AIM OF THE EXERCISE
When you repeat the records, keep every word exact and drop each picture.

INFORMATION SHOWN

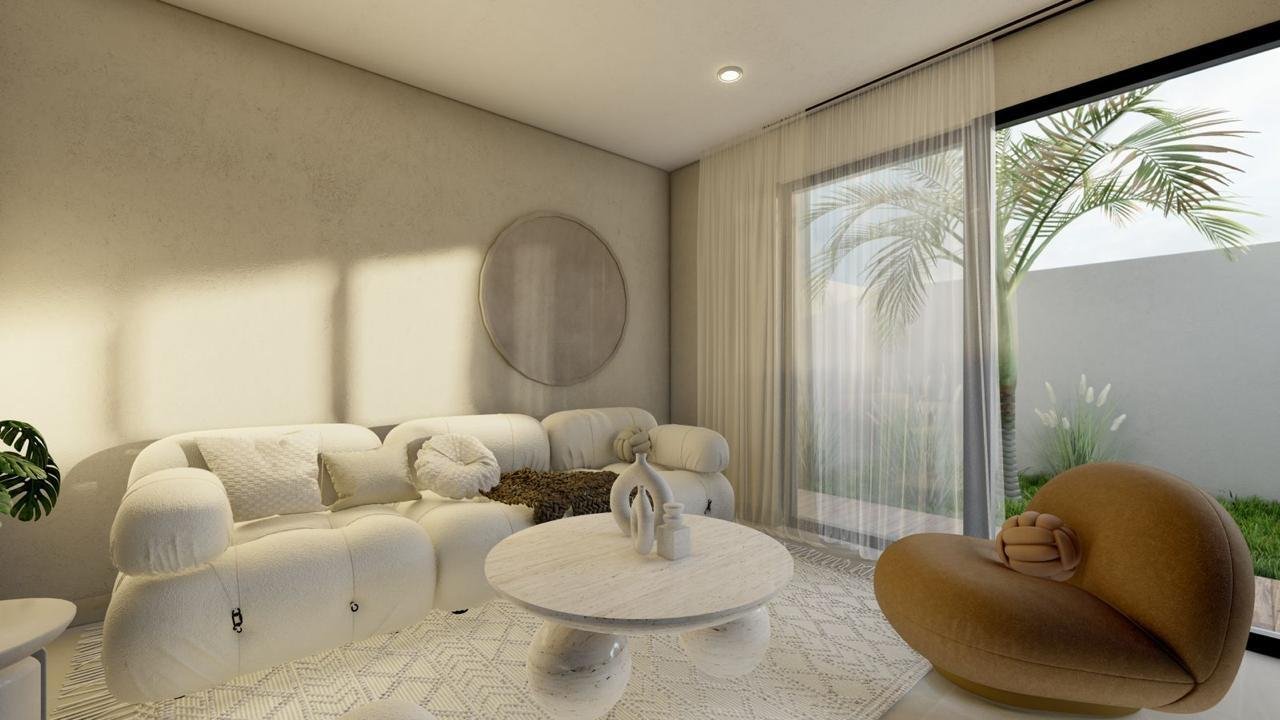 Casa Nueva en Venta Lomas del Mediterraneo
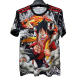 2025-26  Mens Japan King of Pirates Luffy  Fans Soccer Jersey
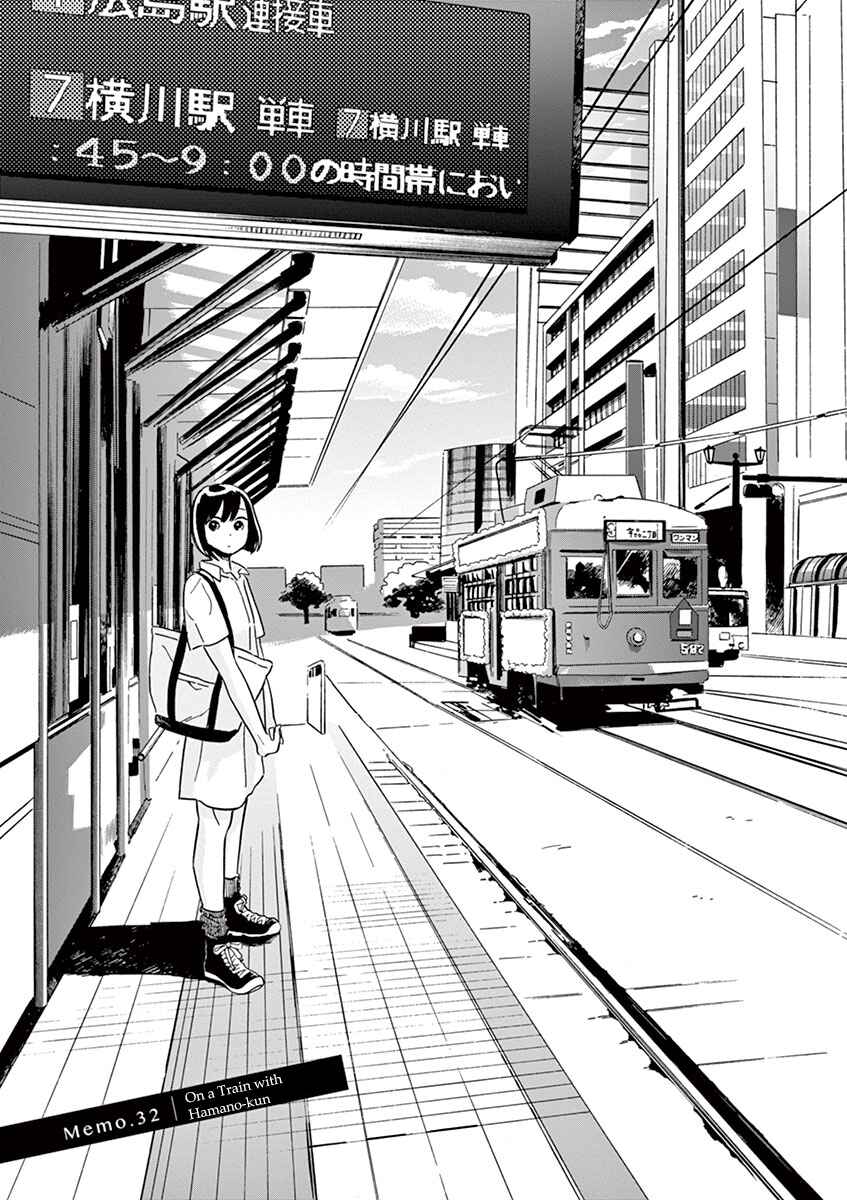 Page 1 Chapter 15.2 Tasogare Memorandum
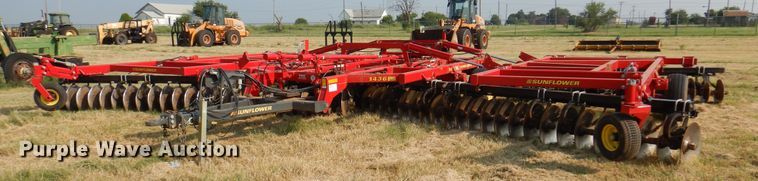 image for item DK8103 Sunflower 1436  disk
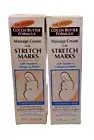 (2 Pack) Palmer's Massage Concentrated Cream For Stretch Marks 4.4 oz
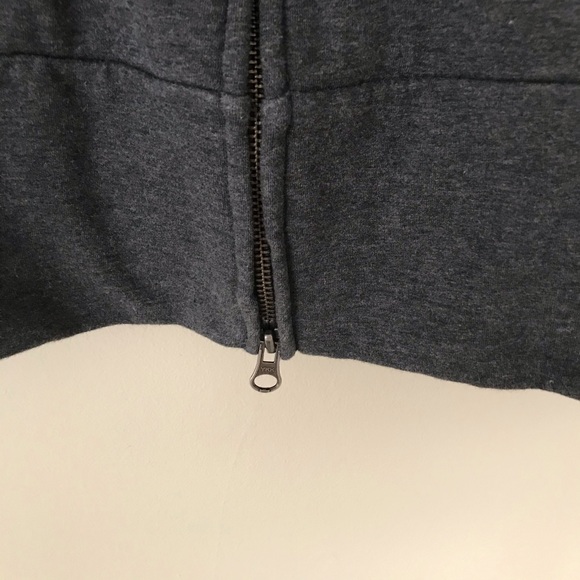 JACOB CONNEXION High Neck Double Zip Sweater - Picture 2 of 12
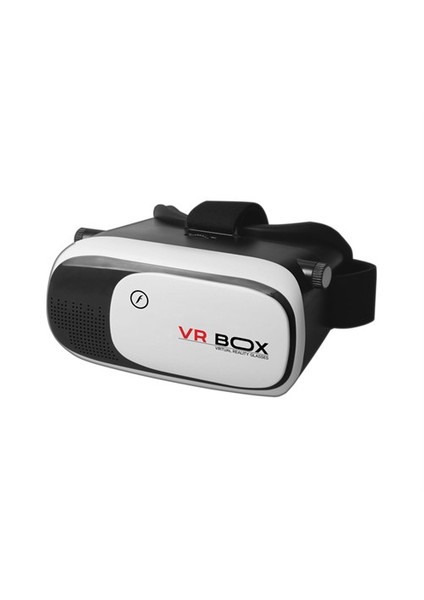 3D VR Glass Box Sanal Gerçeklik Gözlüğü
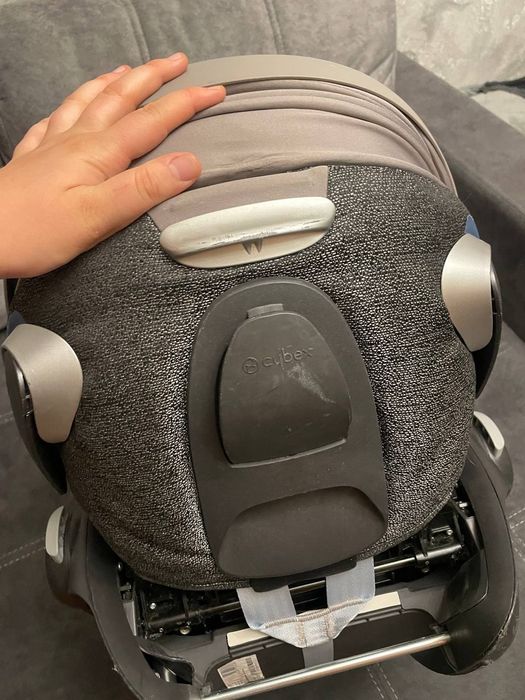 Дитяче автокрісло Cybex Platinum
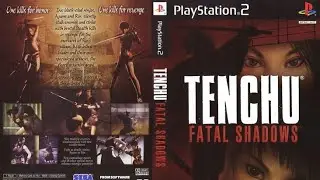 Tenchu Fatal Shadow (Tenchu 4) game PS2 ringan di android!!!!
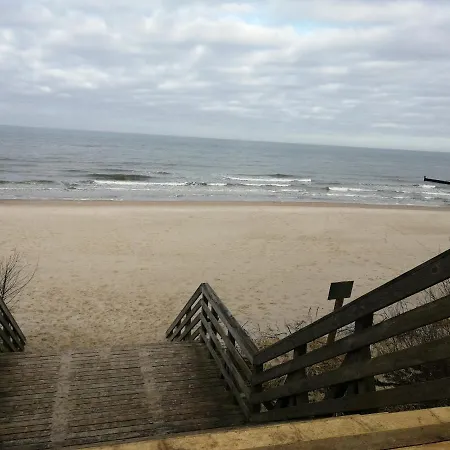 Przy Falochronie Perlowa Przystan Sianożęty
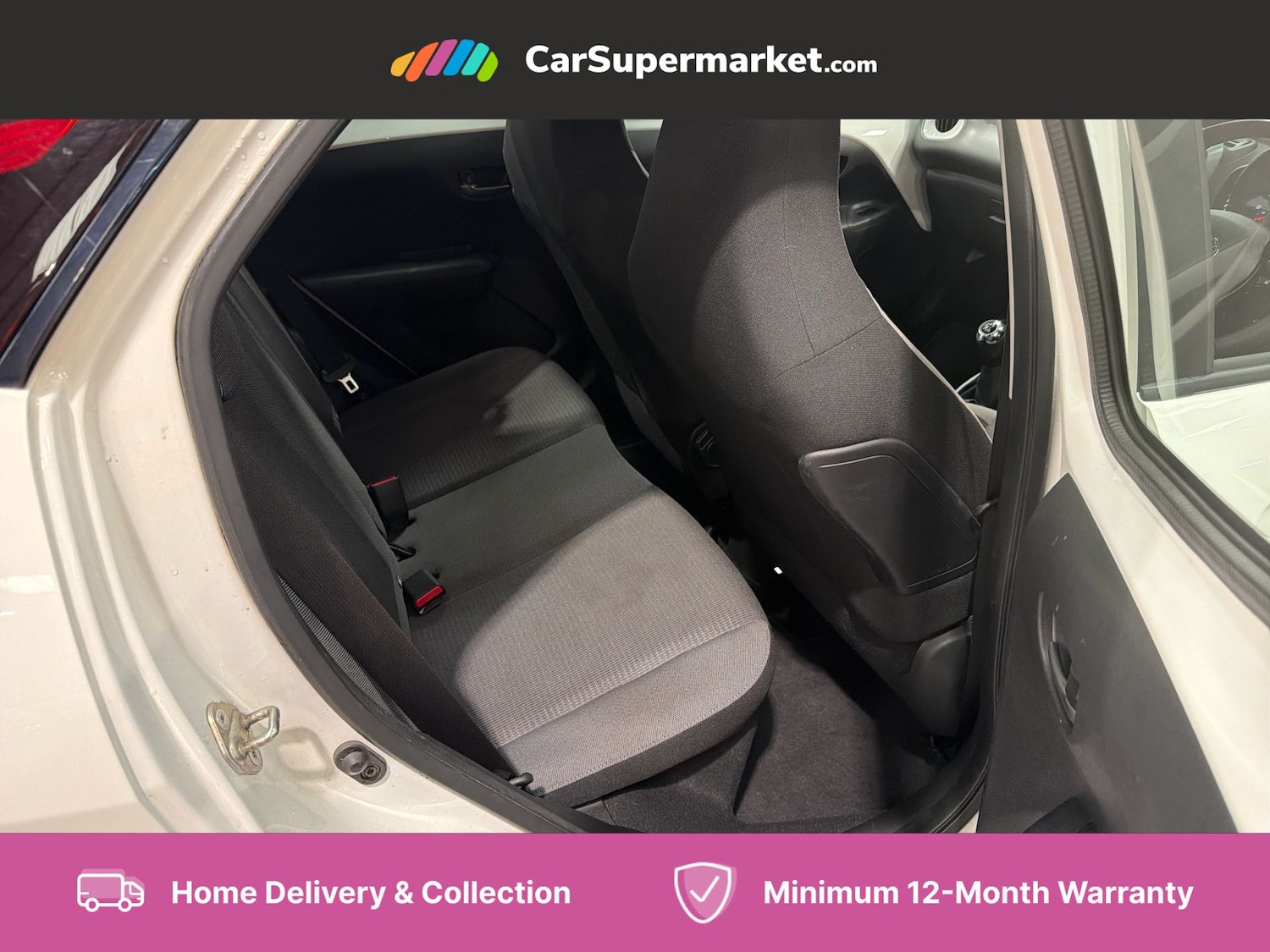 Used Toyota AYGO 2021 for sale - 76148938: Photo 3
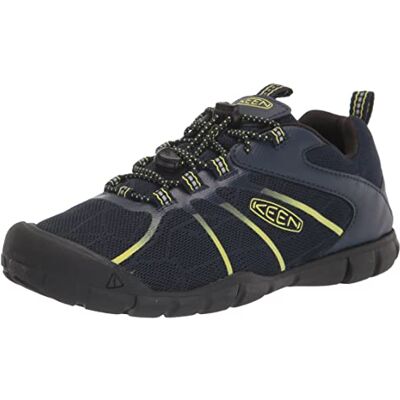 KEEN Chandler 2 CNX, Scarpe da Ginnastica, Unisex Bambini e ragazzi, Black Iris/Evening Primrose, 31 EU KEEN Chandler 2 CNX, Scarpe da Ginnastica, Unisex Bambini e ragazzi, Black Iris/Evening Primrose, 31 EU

ANSWER BELOW
 Casa Nueva en Venta Lomas del Mediterraneo
 2025-26  Mens Japan King of Pirates Luffy  Fans Soccer Jersey
 Page 1 Chapter 15.2 Tasogare Memorandum
 image for item DK8103 Sunflower 1436  disk
 (2 Pack) Palmer's Massage Concentrated Cream For Stretch Marks 4.4 oz
 JACOB CONNEXION High Neck Double Zip Sweater - Picture 2 of 12
 3D VR Glass Box Sanal Gerçeklik Gözlüğü
 Дитяче автокрісло Cybex Platinum
 Tenchu Fatal Shadow (Tenchu 4) game PS2 ringan di android!!!!
 Przy Falochronie Perlowa Przystan Sianożęty
 Used Toyota AYGO 2021 for sale - 76148938: Photo 3
 KEEN Chandler 2 CNX, Scarpe da Ginnastica, Unisex Bambini e ragazzi, Black Iris/Evening Primrose, 31 EU KEEN Chandler 2 CNX, Scarpe da Ginnastica, Unisex Bambini e ragazzi, Black Iris/Evening Primrose, 31 EU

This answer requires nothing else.